Data entries
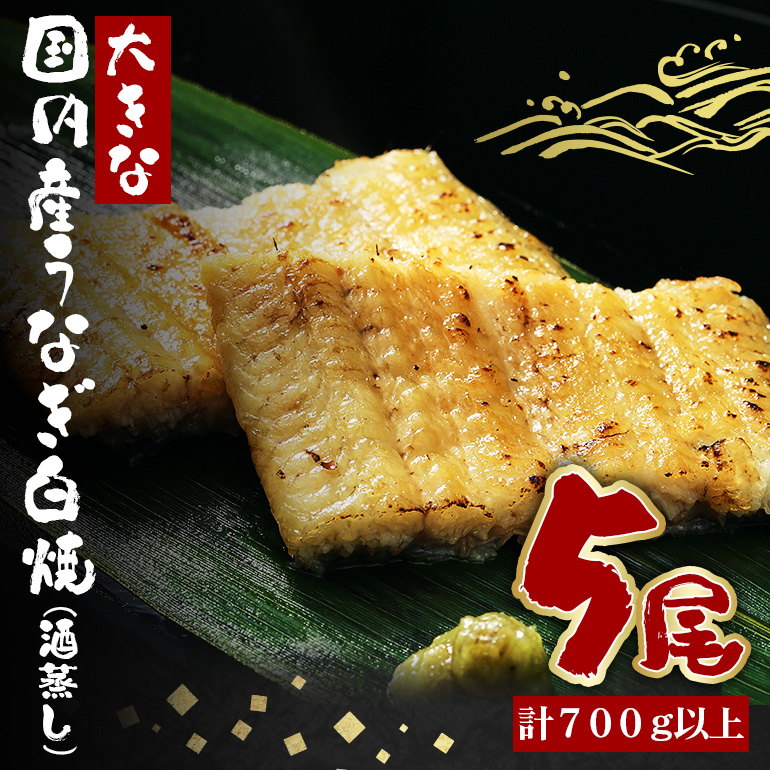 傫ȍYȂ() 140`160g 5 v700gȏ Ȃ V EiM     ^ R t ȒP p Mtg j yp̉N̓ ① Y 錧 s (A23-033)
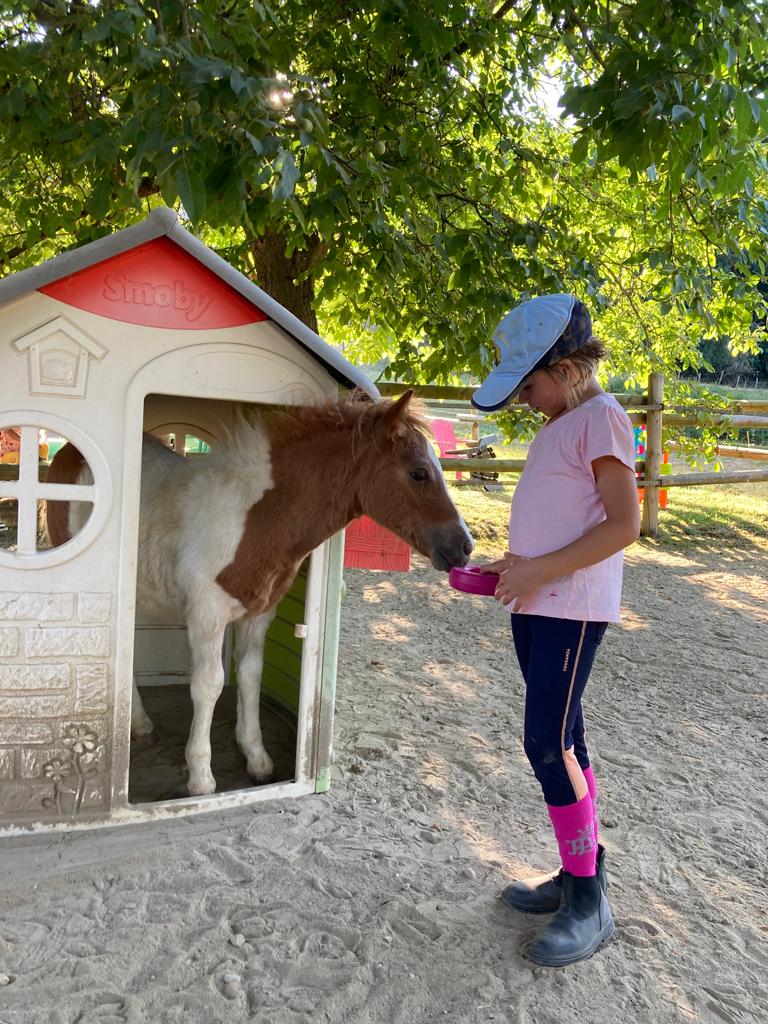 Activités poney proposées aux Écuries des Pious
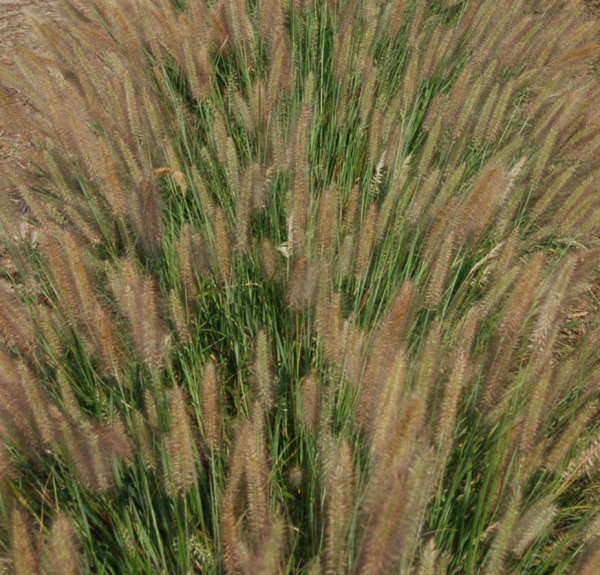 2 gallon - Jambalaya Fountain Grass (GRASS - PE. AL. JAMBALAYA) - 2 gallon - 2 gallon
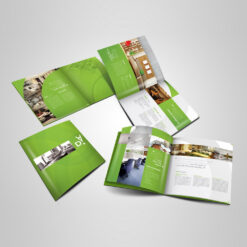 Catalog (Sổ Doanh Nghiệp)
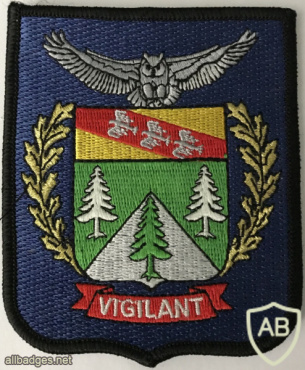 France National Central Directorate of General Intelligence Patch img58592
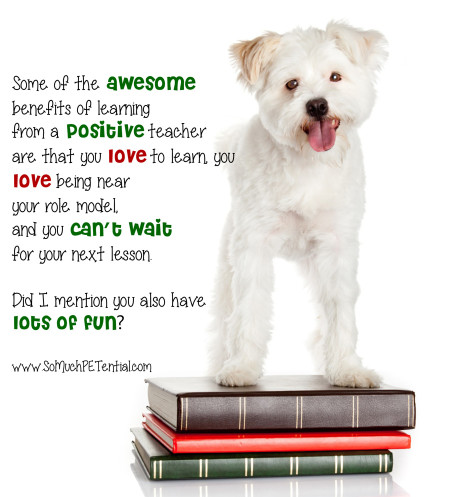 lava Uitputten Ja Some Of The Benefits Of Using Positive Reinforcement | So Much PETential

| Action item |
Your answer must be the lines from the one containing "France National Central" through the last line of the records, copied exactly, with no pictures.

| Written response |
 France National Central Directorate of General Intelligence Patch img58592
 lava Uitputten Ja Some Of The Benefits Of Using Positive Reinforcement | So Much PETential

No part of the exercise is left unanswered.